This is all a long-winded way of saying when it comes to putting Cage in the lead for an H.P. Lovecraft adaptation, you’d be hardpressed to do better than Richard Stanley. His calling card is Hardware, a bonkers low-budget horror film that is perhaps best known to most people as being the punchline to a joke in The Office. But if you watch that (now a cult classic) and then come to Color Out of Space, you’ll notice that his wild sensibilities haven’t dulled one bit, and that’s a good thing.

Maybe that’s more a sign of compatibility with Elijah Wood’s production company SpectreVision’s dedication to the anachronistic cosmic horror oeuvre than anything else; the opening scene of a Wiccan ceremony feels extremely Mandy. And that indulgent, over-the-top visual aesthetic becomes something of a necessity when it comes to Lovecraft adaptations. His stories thrive on leaving all the horror just at the fingertips of the reader, never quite walking you directly into the horror but certainly up to it and asking you to, just maybe, reach out to it.

As you can imagine, that doesn’t work for cinema, an incredibly sensory-dependent medium.
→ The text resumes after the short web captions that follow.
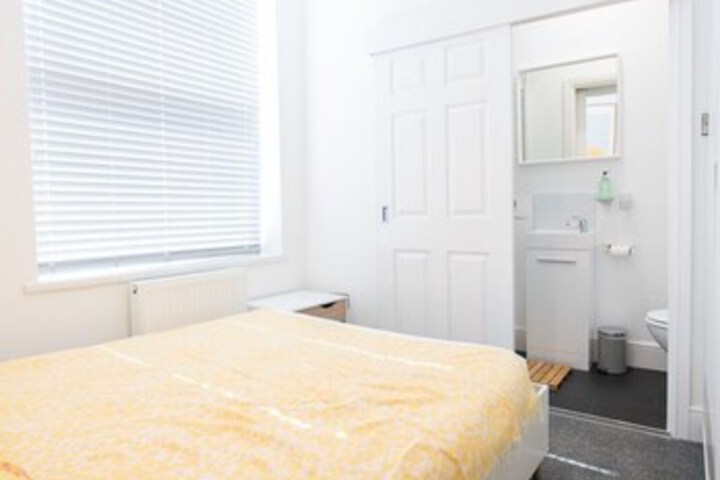 Room 78 of 167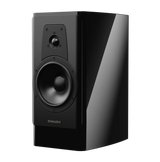 Dynaudio Contour 20 Black Edition, lentyninės garso kolonėlės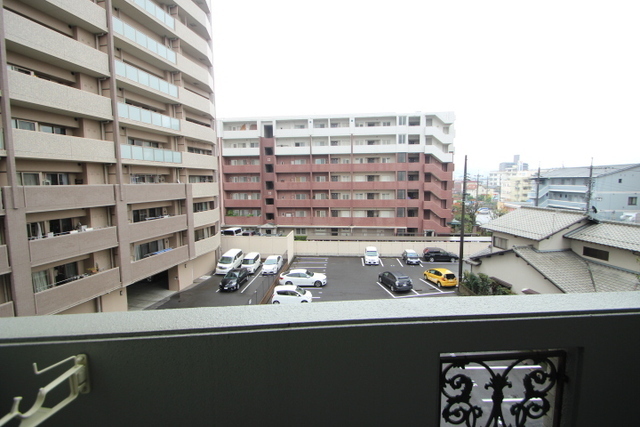 エスポワールムラタ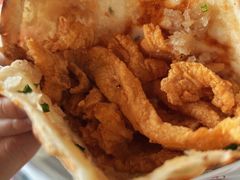 -尚食卢记烧饼(凤凰路总店)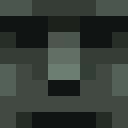 _Sir_Zuzu_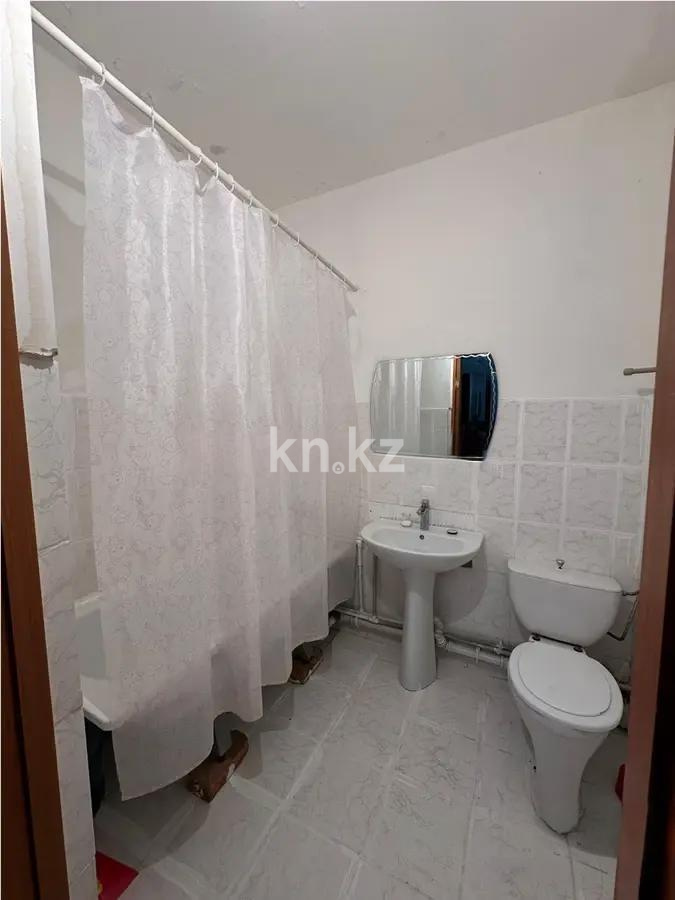 Продажа 1-комнатной квартиры, 47 м², пр. Богенбай батыра, дом  24/2 в Астане - фото 3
And the problem is compounded here in this particular story. A strange meteorite crashes into a New England farm, and as its influence spreads across plants and animals and eventually people, they begin to exhibit this unseeable color from outer space. (Hence the title.)

Color Out of Space

Stanley smartly just dodges this conundrum altogether and just puts it all on the screen. As this alien thing starts to fuse together everything it touches into grotesque objects of misfortune, it creates this beautiful but sickening miasma of pink and purple. It provides an incredibly stark contrast with the early half the film, where we solidly settle into a quaint rural life of the Gardner family.

While we begin with recovering artist Nathan (Cage) just dealing with relatively sedate family drama, the slow creep of this brightly colored invasion doesn’t smother any of it but instead amplifies it. The wife Theresa (Joely Richardson) refusal to give up on her old stock trader life turns into an obsession. The daughter Lavinia (Madeleine Arthur) amps up her Wiccan proclivities and the son Benny (Brendan Meyer) goes full space cadet. But most vividly, Nathan loses his grasp on his dedication to the farm life.

This might be the most obvious and indulgent patriarchal Cage since Mom and Dad. His swings from tender to manic are as hair-trigger as they’ve ever been. From a completely surreal affinity for alpacas to a next-level meltdown crammed into the cab of a pickup truck, this is a tremendous refinement of the Cage experience.

Color Out of Space

It feels like Stanley directed Cage knowing just how much pent-up rage he had from all those years following his Hollywood blacklisting from being booted off the set of the 1996 The Island of Dr. Moreau. Watching this film feels like watching a pressure cooker hit a critical failure. It’s normal operation until it catastrophically isn’t, and Stanley hits you with the full force of 20 years of repressed insanity. It’s a contest between Cage and Stanley to see who can scream louder and more wildly into the colorful abyss.

Surprisingly, we never lose sight of the humans of this story. Their experiences through all this are always in frame, even as our eyes sear themselves shut from the raw otherworldly heat radiating off the screen, right before we willingly and hungrily rip them open again. This, a clearly low-budget operation, has a few missteps, but for a rabid, awesomely terrifying film, there’s not much more you can ask for.